Comparison of Shunt- and Hall-Based Methods

Historically, designers preferred shunt-based solutions for low-current (<50 A), and hall-based solutions for high-current (>50 A) measurements. However, because of the increasing current measurement accuracy requirements, automotive suppliers are migrating from hall-based to shunt-based methods, especially in high-current environments. There is even a trend amongst automotive suppliers to move from isolated amplifier based solutions to isolated modulator based solutions to further improve measurement accuracy.

Texas Instruments offers best-in-class isolated amplifiers and isolated modulators that help achieve very accurate isolated current measurements over temperature when paired with high-precision shunts.

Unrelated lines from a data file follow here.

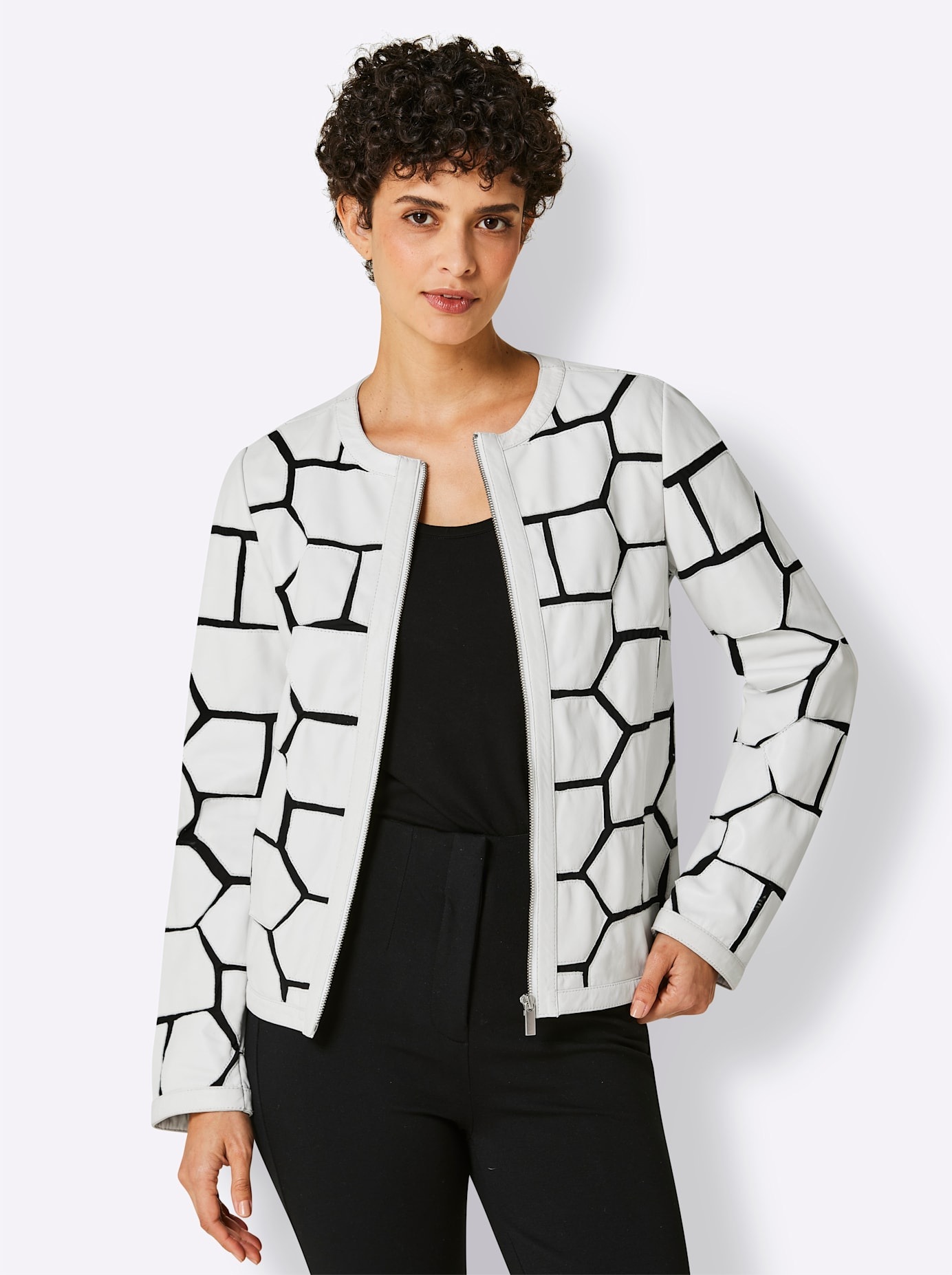 CREATION L PREMIUM Lederblazer »Lammnappa-Leder-Blazer«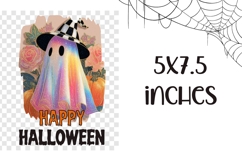 Glitter Halloween Ghost Towel, Cartoon Halloween Towel Product Image 2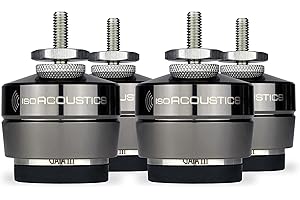 IsoAcoustics Gaia Series Isolation Feet for Speakers & Subwoofers (Gaia III, 32 kg max) – Set of 4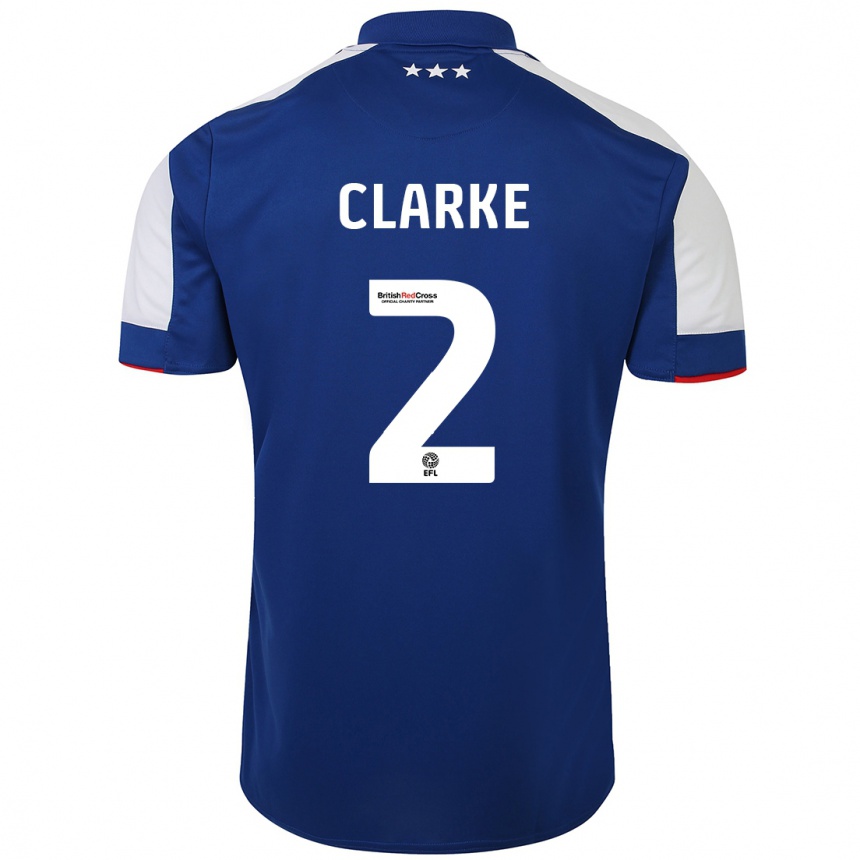 Niño Fútbol Camiseta Harry Clarke #2 Azul 1ª Equipación 2023/24 México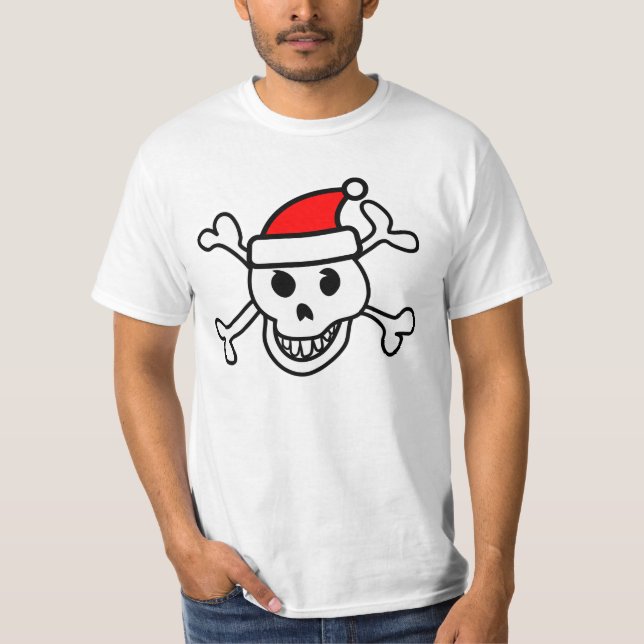 Santa skull t shirt (Front)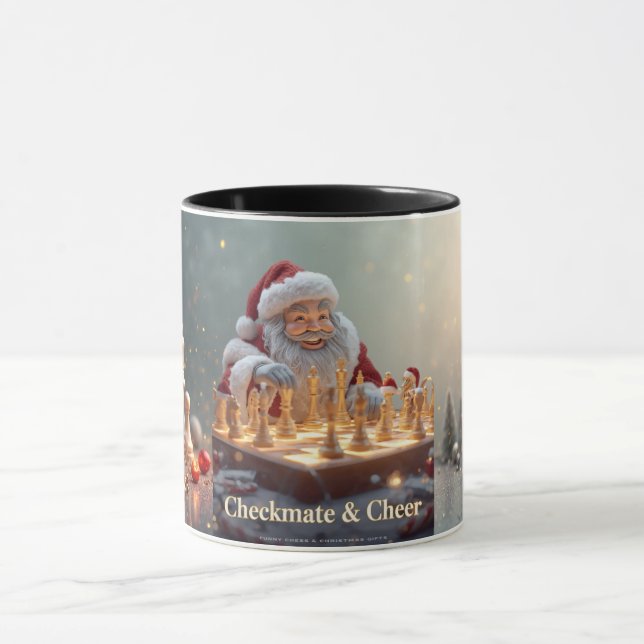 Santa’s Next Move – Funny Chess Christmas Mug for  (Center)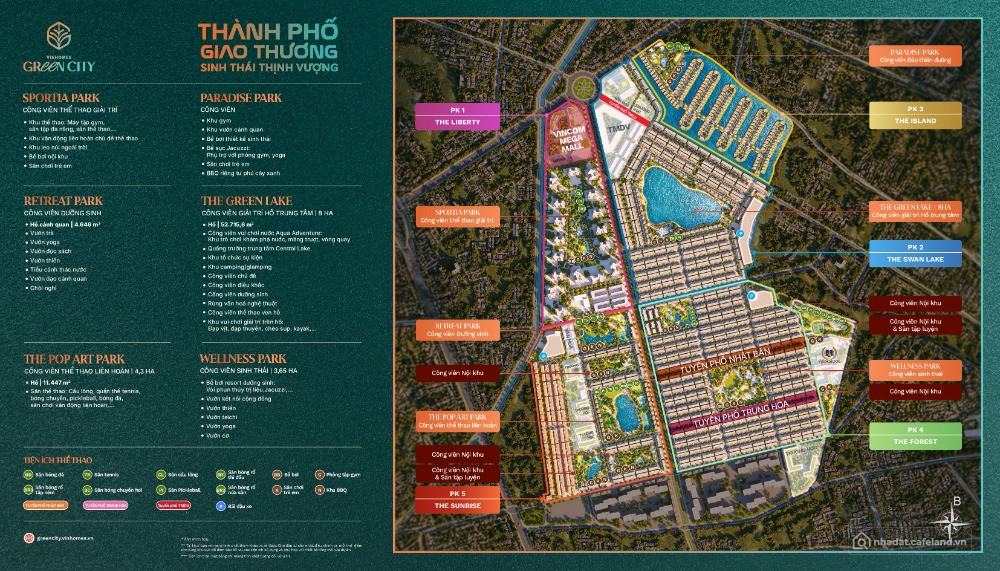 Trái tim đô thị Tây Bắc TP.HCM – Đô thị sinh thái – VINHOMES GREEN CITY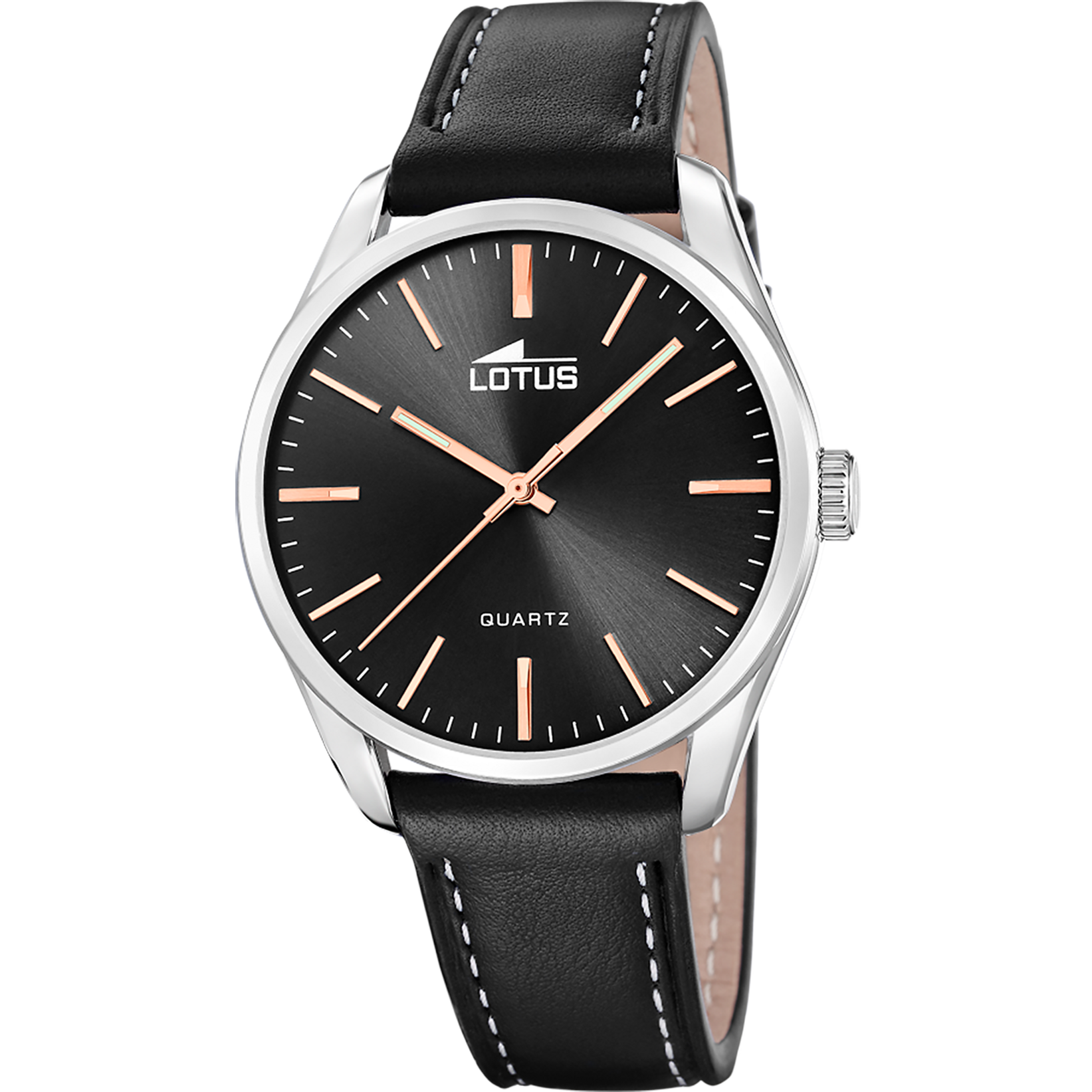 Relógio lotus minimalist for him 19065/4 preto pulsera de couro, homem_PRODUCT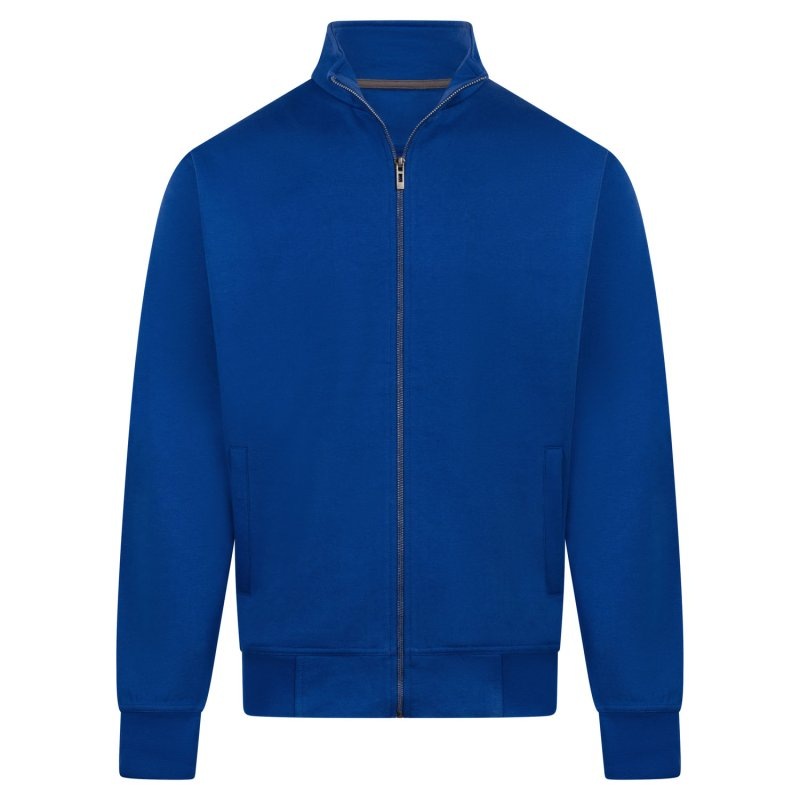 Sweater jacket 80/20 NOAH full zip 60° wasbaar Kleuren royal blue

Table 1 shows the basic differences between shunt- and hall-based isolated current-sensing solutions in high-current automotive environments.

Analysis of Shunt- and Hall-Based Methods

• Hall-sensors are inherently isolated, which allows a single-module approach. On the other hand, shunt-based solutions require an isolated amplifier or modulator, and an isolated power-supply for the high common-mode voltage side.
• Shunt-based solutions have very low initial offset, have lower offset drift over temperature, and are less susceptible to external magnetic fields.
• Shunt-based solutions are linear over the entire voltage range compared to hall-based solutions that are nonlinear, especially at zero crossing and near the magnetic core saturation region.
• Shunt-based solutions achieve better DC accuracy over temperature compared to hall-based solutions with basic one-time calibration. The accuracy of shunt-based solutions is much better particularly at low currents because of limited sensitivity to external magnetic fields.
• The voltage drop across the inline shunt results in thermal dissipation and power loss. However, with improvements in shunt technology, the shunts have become lighter, the ohmic values have decreased, and the accuracy and drift performance have improved. The use of low-value ohmic shunts results in less thermal dissipation. Additionally, Texas Instruments' isolated amplifiers and modulators support very small input voltage ranges (±50 mV and ±250 mV) with a superior overall accuracy. These improvements in shunt technology and the availability of small input range isolated devices allow systems to have less thermal dissipation without compromising the overall measurement accuracy.
• Hall-based sensors generally have a limited operating temperature range (typically from –40°C to +85°C), whereas shunt-based solutions can support higher operating temperature ranges (typically from –40°C to +125°C).
• Both hall-based and shunt-based isolated amplifier solutions offer similar signal bandwidth, typically up to a few hundred kilohertz (kHz). However, isolated modulators provide a high-speed bit-stream output that allows the user to implement and customize digital filtering externally. This customization allows the user to develop high-signal bandwidth and low-latency solutions.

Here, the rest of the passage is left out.